**Assignment:**
Given the material below, return only the lines starting at the line with "DEVA Vegan Vitamin" and ending at the line with "Cheap priced Suit", exactly as they appear.

**Material to process:**
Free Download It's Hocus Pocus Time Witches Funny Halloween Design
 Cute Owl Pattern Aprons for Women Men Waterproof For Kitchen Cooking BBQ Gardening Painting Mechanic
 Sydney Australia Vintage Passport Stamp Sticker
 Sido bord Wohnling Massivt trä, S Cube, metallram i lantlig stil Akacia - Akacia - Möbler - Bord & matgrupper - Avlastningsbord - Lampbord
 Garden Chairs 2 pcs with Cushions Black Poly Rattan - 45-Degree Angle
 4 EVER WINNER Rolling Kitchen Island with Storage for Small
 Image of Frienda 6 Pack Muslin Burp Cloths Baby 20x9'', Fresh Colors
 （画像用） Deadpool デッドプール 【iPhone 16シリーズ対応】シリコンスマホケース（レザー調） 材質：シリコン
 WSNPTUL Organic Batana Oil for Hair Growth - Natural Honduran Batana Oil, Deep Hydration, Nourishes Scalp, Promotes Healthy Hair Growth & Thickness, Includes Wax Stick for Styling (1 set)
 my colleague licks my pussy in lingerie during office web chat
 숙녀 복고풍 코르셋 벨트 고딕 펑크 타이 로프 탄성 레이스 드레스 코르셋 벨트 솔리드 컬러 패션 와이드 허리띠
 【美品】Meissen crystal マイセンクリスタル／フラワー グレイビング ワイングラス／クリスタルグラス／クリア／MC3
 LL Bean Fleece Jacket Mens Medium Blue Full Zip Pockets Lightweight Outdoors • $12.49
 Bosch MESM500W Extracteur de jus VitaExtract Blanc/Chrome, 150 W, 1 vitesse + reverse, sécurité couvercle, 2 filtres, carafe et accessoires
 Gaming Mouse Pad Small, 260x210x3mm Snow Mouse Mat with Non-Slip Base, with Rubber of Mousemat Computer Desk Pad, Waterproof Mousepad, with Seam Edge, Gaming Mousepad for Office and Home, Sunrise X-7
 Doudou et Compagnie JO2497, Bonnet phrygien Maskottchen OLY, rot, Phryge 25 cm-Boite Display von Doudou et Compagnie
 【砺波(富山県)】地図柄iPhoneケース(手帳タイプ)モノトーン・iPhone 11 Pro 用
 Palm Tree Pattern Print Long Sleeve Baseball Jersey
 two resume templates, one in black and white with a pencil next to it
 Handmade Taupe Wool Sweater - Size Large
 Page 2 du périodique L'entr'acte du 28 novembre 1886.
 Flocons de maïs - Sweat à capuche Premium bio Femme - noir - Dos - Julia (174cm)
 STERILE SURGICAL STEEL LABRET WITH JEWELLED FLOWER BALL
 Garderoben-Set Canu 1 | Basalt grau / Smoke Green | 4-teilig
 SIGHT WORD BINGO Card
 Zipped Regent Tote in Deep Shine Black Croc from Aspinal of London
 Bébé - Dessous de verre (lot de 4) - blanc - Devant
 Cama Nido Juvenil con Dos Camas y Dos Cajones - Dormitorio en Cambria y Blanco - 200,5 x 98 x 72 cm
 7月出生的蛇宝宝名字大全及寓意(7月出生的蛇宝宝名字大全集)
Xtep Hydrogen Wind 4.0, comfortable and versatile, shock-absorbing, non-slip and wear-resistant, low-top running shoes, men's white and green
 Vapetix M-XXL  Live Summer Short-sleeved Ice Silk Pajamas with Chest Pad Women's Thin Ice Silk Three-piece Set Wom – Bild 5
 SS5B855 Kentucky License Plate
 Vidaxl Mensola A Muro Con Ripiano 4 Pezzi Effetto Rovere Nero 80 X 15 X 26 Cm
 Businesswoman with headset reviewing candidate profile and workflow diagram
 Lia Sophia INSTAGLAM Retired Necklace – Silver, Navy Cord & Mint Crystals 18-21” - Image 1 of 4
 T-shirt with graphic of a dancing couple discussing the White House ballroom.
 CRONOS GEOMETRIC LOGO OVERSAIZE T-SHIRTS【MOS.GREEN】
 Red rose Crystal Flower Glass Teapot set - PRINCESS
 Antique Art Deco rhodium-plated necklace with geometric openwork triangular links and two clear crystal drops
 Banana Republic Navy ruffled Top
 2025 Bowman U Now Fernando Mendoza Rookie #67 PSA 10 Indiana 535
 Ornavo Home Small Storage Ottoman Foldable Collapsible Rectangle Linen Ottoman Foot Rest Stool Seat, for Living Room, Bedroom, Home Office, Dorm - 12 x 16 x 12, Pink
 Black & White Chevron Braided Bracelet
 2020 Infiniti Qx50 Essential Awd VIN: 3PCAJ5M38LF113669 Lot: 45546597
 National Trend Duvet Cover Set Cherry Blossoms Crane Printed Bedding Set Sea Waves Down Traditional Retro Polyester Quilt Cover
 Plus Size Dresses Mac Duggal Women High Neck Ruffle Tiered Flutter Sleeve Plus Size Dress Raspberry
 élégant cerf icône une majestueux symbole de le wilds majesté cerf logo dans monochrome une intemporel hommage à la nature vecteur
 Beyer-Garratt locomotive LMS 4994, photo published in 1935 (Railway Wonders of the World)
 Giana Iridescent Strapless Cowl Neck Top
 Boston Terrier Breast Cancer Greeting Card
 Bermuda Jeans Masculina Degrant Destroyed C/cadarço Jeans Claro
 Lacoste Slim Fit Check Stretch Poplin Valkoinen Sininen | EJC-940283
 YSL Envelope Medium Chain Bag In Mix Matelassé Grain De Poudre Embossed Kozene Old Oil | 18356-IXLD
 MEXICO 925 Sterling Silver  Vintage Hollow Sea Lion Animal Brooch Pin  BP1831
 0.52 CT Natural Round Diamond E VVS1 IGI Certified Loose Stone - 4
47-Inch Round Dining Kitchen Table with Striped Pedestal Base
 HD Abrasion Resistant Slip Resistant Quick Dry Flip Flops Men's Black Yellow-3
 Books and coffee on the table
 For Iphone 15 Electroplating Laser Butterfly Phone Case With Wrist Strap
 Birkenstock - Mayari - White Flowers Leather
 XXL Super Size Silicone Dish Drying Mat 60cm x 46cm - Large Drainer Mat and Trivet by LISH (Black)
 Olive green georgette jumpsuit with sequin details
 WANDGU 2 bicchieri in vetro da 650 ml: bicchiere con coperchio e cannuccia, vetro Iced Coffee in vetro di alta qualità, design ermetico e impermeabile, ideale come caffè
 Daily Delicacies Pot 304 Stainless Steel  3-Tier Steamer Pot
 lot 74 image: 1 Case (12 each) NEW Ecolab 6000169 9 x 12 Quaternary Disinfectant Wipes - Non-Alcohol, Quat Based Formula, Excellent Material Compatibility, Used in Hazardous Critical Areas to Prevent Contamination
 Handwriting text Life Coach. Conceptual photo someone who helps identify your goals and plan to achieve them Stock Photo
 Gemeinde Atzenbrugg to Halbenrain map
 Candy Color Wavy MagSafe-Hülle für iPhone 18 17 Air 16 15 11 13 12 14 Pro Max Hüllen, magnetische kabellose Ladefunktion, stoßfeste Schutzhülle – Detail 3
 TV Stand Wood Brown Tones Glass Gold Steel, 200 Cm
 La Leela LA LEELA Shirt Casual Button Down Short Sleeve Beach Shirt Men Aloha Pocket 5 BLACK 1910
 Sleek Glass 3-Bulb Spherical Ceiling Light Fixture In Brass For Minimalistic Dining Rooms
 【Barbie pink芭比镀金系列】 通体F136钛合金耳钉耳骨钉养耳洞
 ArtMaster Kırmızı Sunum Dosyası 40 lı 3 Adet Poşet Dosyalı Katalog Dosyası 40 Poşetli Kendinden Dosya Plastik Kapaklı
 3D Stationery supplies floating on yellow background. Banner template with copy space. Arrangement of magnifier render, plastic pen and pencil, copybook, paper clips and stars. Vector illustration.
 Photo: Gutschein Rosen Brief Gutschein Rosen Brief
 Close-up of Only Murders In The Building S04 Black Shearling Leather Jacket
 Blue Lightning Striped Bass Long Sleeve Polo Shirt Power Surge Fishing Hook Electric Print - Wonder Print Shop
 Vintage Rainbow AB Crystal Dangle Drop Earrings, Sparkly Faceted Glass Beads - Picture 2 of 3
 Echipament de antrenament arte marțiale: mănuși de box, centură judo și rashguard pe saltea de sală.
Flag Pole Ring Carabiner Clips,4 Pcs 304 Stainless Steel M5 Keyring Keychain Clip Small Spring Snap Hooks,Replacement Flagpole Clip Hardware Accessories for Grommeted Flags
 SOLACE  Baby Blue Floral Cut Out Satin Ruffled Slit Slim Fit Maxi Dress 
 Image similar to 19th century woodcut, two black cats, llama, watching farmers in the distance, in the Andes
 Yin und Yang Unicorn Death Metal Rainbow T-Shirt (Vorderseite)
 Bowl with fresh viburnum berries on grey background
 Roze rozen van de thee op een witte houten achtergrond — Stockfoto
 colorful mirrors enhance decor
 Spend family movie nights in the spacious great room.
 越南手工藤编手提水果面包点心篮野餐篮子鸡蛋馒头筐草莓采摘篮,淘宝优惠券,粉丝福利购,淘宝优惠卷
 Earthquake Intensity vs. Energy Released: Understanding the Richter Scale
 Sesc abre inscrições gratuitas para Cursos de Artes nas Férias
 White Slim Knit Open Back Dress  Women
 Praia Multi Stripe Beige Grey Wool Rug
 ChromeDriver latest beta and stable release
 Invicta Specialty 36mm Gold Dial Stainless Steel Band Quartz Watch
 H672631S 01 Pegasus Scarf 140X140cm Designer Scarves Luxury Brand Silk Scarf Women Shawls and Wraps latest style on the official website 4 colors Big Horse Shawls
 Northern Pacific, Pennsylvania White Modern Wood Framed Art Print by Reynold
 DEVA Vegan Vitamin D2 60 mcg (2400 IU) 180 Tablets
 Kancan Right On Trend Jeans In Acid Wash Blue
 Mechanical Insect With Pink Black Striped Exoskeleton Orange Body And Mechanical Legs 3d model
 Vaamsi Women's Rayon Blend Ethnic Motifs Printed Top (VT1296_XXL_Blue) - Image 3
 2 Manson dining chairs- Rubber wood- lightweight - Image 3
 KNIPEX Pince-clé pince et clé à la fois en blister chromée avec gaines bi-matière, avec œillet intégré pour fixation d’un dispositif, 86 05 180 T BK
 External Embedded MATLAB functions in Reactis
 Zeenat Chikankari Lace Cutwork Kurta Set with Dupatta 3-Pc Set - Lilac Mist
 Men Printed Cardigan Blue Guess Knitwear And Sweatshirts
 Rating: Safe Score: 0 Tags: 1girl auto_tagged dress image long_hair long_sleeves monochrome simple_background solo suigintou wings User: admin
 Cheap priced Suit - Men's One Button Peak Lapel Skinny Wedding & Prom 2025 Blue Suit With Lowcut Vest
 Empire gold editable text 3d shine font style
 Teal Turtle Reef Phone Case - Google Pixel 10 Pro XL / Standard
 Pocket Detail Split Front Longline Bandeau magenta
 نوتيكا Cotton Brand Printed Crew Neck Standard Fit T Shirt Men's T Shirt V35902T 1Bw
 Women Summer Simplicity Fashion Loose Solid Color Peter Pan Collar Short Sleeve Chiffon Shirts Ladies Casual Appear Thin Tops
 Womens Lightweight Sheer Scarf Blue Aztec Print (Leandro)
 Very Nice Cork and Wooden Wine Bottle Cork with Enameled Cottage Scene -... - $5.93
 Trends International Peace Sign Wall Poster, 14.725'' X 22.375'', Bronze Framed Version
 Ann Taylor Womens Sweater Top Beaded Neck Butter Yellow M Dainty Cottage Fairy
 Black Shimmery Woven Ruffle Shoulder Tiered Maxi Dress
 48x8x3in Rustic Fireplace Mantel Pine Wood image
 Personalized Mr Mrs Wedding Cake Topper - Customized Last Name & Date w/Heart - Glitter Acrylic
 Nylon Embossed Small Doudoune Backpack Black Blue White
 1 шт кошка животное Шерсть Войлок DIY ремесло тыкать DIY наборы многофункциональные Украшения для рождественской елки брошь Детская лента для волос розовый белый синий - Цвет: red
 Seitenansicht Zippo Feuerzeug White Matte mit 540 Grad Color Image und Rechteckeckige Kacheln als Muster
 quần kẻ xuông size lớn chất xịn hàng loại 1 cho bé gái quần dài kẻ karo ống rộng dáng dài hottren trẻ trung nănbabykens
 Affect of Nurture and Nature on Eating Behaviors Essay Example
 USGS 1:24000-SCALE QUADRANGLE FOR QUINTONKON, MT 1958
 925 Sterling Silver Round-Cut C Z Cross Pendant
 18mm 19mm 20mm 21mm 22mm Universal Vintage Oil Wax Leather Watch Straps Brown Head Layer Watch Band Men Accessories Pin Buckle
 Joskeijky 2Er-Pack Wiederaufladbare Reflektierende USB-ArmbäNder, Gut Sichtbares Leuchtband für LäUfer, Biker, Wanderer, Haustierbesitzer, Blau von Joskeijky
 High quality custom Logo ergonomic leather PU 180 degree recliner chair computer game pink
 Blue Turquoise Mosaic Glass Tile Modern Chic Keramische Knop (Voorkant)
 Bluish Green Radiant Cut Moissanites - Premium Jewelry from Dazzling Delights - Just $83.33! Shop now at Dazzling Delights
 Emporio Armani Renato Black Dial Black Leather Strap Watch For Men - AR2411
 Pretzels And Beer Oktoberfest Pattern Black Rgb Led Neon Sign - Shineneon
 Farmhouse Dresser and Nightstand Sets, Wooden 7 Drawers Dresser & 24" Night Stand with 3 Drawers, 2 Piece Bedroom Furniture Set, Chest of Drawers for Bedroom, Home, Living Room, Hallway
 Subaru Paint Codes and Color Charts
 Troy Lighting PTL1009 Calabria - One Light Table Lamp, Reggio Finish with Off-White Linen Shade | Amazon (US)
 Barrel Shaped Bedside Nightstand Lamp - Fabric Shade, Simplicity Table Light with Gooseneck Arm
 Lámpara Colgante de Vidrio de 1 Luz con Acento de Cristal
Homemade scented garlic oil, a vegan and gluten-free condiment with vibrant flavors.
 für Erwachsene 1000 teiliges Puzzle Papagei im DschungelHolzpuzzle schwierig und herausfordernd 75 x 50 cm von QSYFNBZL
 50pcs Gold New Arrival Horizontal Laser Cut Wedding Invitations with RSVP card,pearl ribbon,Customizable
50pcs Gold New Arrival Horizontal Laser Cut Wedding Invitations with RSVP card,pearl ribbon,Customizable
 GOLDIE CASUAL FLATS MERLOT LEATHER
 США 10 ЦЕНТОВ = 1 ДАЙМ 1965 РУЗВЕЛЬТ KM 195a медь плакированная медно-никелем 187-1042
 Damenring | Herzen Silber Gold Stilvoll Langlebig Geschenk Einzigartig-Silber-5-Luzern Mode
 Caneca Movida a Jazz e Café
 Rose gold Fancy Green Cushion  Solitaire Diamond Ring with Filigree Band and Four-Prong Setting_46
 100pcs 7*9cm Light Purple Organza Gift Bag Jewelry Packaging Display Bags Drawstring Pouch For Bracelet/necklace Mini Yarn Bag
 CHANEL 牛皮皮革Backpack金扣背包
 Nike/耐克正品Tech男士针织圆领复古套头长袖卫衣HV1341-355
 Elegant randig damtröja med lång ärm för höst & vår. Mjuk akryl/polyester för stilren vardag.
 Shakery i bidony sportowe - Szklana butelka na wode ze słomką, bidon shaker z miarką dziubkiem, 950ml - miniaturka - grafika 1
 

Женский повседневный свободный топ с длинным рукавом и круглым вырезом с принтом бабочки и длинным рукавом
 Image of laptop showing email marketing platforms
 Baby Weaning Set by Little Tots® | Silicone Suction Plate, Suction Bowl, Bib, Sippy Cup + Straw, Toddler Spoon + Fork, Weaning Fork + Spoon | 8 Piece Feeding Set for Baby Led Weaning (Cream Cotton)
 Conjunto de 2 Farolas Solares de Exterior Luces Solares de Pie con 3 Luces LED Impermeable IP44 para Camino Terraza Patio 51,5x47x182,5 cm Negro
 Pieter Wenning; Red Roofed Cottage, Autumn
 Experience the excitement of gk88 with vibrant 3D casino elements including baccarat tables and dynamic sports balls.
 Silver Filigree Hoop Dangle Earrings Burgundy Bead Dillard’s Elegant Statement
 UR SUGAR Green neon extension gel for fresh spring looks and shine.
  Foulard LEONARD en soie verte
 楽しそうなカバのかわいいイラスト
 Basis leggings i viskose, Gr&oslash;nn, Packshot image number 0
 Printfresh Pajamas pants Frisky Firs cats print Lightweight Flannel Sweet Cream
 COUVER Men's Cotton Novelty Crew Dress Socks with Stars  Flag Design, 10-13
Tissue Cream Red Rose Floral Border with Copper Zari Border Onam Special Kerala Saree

**Your response:**
 DEVA Vegan Vitamin D2 60 mcg (2400 IU) 180 Tablets
 Kancan Right On Trend Jeans In Acid Wash Blue
 Mechanical Insect With Pink Black Striped Exoskeleton Orange Body And Mechanical Legs 3d model
 Vaamsi Women's Rayon Blend Ethnic Motifs Printed Top (VT1296_XXL_Blue) - Image 3
 2 Manson dining chairs- Rubber wood- lightweight - Image 3
 KNIPEX Pince-clé pince et clé à la fois en blister chromée avec gaines bi-matière, avec œillet intégré pour fixation d’un dispositif, 86 05 180 T BK
 External Embedded MATLAB functions in Reactis
 Zeenat Chikankari Lace Cutwork Kurta Set with Dupatta 3-Pc Set - Lilac Mist
 Men Printed Cardigan Blue Guess Knitwear And Sweatshirts
 Rating: Safe Score: 0 Tags: 1girl auto_tagged dress image long_hair long_sleeves monochrome simple_background solo suigintou wings User: admin
 Cheap priced Suit - Men's One Button Peak Lapel Skinny Wedding & Prom 2025 Blue Suit With Lowcut Vest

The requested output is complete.